● Data block

▼▼▼

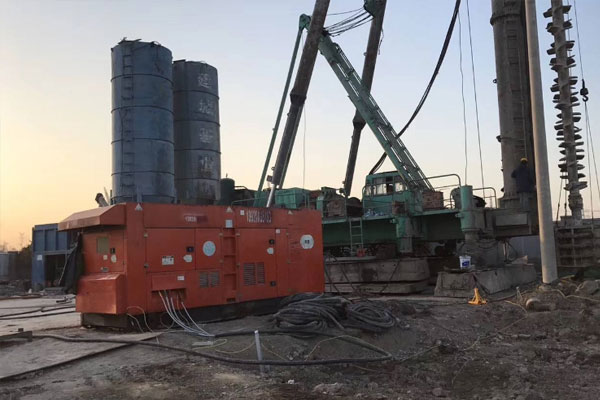 海南如何检查发电机组燃油系统的密封性？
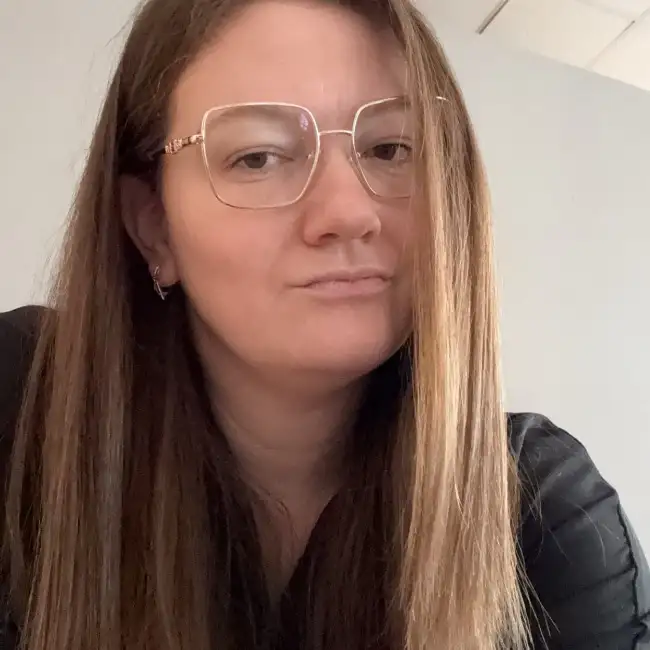 Елена, 34 - To Be Yahad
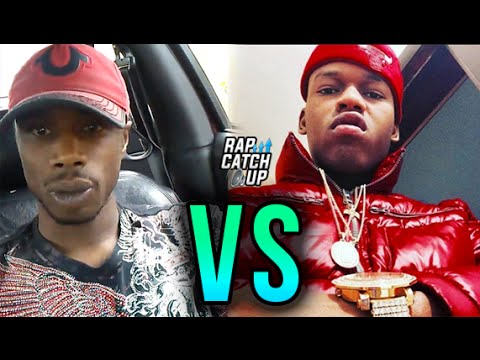 Lud Foe’s Cousin Nephew Speaks on ‘True Story’ Behind Lud Foe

▲▲▲

● Your instructions
Hand back the data exactly as it appears, with all pictures cut.

● Answer to this problem
 海南如何检查发电机组燃油系统的密封性？
 Елена, 34 - To Be Yahad
 Lud Foe’s Cousin Nephew Speaks on ‘True Story’ Behind Lud Foe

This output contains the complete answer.